WHAT NEEDS TO BE DONE: The listing below holds a line with "[Qingqi <span class=keywords><strong>Paul</strong></span>]" and a line with "B8B-E5471-00 ฝาครอบท่ออากาศเข้าห้องซีวีที GRAND". Reproduce those two lines exactly, plus everything between them.

╭──

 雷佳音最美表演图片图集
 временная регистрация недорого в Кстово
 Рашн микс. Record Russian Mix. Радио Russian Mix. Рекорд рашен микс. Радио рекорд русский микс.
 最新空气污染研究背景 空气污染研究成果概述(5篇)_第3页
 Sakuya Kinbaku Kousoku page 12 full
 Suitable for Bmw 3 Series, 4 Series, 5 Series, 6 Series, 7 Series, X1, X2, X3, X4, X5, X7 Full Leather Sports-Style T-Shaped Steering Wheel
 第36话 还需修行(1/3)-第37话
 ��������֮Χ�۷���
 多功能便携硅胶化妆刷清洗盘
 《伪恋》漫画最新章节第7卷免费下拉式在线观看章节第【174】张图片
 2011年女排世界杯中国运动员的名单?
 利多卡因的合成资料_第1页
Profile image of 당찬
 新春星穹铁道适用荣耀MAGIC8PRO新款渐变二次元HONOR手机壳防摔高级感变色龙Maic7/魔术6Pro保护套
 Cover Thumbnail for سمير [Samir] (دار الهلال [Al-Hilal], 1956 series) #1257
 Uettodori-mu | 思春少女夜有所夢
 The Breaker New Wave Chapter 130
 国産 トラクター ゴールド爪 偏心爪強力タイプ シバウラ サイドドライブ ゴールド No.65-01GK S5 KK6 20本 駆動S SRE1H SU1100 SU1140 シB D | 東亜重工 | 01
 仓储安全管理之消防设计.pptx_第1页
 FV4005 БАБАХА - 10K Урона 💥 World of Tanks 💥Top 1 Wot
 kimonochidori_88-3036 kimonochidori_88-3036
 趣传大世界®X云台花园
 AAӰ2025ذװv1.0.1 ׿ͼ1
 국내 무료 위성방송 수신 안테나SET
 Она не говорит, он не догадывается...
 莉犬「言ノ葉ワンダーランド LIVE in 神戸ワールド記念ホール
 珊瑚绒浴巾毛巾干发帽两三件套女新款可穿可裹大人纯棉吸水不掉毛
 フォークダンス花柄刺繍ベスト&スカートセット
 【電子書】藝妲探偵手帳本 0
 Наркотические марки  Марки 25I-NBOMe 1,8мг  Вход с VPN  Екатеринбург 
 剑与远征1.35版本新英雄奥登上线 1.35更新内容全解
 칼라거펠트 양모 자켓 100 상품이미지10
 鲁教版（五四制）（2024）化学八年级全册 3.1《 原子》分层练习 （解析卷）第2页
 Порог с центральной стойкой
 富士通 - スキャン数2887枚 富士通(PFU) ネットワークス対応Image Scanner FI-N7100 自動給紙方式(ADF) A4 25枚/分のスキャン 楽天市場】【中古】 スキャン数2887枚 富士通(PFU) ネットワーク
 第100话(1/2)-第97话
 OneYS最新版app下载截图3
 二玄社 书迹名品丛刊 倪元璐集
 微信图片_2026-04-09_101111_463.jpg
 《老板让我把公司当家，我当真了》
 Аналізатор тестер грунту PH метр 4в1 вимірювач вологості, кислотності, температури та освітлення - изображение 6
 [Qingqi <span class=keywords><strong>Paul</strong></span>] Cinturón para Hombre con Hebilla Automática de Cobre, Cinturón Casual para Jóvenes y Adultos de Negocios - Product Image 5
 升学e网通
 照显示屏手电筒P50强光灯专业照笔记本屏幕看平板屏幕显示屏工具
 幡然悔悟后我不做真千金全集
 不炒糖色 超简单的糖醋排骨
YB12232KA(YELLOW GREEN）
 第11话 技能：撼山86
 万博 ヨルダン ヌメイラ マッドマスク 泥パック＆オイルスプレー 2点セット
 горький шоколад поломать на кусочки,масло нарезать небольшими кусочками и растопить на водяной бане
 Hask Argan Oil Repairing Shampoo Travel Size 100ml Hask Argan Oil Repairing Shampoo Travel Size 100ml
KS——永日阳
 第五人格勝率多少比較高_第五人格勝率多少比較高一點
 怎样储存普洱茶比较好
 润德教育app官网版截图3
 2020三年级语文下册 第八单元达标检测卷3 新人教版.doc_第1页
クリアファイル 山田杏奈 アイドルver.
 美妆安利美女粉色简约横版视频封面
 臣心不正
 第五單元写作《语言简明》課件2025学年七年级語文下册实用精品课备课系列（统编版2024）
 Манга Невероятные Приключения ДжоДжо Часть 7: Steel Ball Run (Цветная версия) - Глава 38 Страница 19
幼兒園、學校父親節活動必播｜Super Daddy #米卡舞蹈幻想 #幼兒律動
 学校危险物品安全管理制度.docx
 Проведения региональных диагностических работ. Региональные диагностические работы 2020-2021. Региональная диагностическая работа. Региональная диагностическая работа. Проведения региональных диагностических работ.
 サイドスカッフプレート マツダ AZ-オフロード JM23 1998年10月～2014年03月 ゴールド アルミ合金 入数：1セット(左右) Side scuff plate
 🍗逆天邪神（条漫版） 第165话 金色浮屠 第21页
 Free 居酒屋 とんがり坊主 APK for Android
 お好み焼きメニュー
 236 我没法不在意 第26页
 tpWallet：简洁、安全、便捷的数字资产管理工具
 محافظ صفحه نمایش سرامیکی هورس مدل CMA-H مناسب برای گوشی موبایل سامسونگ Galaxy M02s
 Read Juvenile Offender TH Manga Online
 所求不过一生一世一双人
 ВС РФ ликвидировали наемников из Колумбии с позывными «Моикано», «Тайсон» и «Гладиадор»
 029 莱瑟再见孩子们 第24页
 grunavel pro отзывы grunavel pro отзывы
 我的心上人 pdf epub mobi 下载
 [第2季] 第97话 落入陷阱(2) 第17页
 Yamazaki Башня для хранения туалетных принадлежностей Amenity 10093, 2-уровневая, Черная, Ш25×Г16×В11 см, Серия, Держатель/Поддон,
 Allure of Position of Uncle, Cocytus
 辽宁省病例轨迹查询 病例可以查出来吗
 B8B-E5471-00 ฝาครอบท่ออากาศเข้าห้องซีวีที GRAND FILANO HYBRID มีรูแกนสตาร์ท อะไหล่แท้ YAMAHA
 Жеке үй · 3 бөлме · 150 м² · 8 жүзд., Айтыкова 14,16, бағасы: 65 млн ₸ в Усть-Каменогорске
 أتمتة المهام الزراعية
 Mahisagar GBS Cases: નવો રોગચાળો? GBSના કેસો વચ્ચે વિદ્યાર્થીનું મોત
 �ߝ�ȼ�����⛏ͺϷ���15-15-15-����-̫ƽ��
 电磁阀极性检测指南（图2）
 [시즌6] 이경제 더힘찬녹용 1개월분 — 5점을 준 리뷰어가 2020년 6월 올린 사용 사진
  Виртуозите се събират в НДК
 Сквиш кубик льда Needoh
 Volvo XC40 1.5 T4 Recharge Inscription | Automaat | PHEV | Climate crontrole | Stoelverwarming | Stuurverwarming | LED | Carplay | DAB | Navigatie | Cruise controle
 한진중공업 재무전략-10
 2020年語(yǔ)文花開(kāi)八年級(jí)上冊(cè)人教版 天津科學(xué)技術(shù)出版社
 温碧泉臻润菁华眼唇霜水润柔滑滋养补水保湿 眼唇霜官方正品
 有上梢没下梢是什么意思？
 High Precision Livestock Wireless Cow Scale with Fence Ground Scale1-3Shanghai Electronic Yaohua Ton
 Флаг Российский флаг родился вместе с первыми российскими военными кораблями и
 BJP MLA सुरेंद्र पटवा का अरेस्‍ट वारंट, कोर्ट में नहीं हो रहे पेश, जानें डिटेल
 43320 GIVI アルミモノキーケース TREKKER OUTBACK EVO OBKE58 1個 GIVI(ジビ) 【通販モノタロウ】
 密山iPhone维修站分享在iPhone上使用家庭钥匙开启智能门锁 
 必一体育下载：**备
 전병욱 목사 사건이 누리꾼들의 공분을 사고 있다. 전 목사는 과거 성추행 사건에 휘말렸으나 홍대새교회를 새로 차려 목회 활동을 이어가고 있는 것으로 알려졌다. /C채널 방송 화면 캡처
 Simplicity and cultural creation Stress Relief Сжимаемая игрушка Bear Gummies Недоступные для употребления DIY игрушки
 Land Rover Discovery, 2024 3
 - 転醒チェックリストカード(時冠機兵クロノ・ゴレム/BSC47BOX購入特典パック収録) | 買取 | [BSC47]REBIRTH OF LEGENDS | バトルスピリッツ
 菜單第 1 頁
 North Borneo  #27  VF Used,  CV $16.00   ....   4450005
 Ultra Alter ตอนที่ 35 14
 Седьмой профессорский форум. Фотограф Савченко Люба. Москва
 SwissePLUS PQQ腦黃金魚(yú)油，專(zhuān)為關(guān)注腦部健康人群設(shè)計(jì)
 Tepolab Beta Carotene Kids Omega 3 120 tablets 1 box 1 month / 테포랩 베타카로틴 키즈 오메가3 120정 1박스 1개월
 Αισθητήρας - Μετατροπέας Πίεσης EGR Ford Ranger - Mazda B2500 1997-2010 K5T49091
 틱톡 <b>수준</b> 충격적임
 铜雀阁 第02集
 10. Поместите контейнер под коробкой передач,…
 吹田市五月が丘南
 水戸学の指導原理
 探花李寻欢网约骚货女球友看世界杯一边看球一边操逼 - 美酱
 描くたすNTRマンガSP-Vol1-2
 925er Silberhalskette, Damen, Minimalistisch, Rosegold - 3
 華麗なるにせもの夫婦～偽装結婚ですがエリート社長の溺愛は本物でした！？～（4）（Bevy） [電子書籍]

╰──

ANSWER:
 [Qingqi <span class=keywords><strong>Paul</strong></span>] Cinturón para Hombre con Hebilla Automática de Cobre, Cinturón Casual para Jóvenes y Adultos de Negocios - Product Image 5
 升学e网通
 照显示屏手电筒P50强光灯专业照笔记本屏幕看平板屏幕显示屏工具
 幡然悔悟后我不做真千金全集
 不炒糖色 超简单的糖醋排骨
YB12232KA(YELLOW GREEN）
 第11话 技能：撼山86
 万博 ヨルダン ヌメイラ マッドマスク 泥パック＆オイルスプレー 2点セット
 горький шоколад поломать на кусочки,масло нарезать небольшими кусочками и растопить на водяной бане
 Hask Argan Oil Repairing Shampoo Travel Size 100ml Hask Argan Oil Repairing Shampoo Travel Size 100ml
KS——永日阳
 第五人格勝率多少比較高_第五人格勝率多少比較高一點
 怎样储存普洱茶比较好
 润德教育app官网版截图3
 2020三年级语文下册 第八单元达标检测卷3 新人教版.doc_第1页
クリアファイル 山田杏奈 アイドルver.
 美妆安利美女粉色简约横版视频封面
 臣心不正
 第五單元写作《语言简明》課件2025学年七年级語文下册实用精品课备课系列（统编版2024）
 Манга Невероятные Приключения ДжоДжо Часть 7: Steel Ball Run (Цветная версия) - Глава 38 Страница 19
幼兒園、學校父親節活動必播｜Super Daddy #米卡舞蹈幻想 #幼兒律動
 学校危险物品安全管理制度.docx
 Проведения региональных диагностических работ. Региональные диагностические работы 2020-2021. Региональная диагностическая работа. Региональная диагностическая работа. Проведения региональных диагностических работ.
 サイドスカッフプレート マツダ AZ-オフロード JM23 1998年10月～2014年03月 ゴールド アルミ合金 入数：1セット(左右) Side scuff plate
 🍗逆天邪神（条漫版） 第165话 金色浮屠 第21页
 Free 居酒屋 とんがり坊主 APK for Android
 お好み焼きメニュー
 236 我没法不在意 第26页
 tpWallet：简洁、安全、便捷的数字资产管理工具
 محافظ صفحه نمایش سرامیکی هورس مدل CMA-H مناسب برای گوشی موبایل سامسونگ Galaxy M02s
 Read Juvenile Offender TH Manga Online
 所求不过一生一世一双人
 ВС РФ ликвидировали наемников из Колумбии с позывными «Моикано», «Тайсон» и «Гладиадор»
 029 莱瑟再见孩子们 第24页
 grunavel pro отзывы grunavel pro отзывы
 我的心上人 pdf epub mobi 下载
 [第2季] 第97话 落入陷阱(2) 第17页
 Yamazaki Башня для хранения туалетных принадлежностей Amenity 10093, 2-уровневая, Черная, Ш25×Г16×В11 см, Серия, Держатель/Поддон,
 Allure of Position of Uncle, Cocytus
 辽宁省病例轨迹查询 病例可以查出来吗
 B8B-E5471-00 ฝาครอบท่ออากาศเข้าห้องซีวีที GRAND FILANO HYBRID มีรูแกนสตาร์ท อะไหล่แท้ YAMAHA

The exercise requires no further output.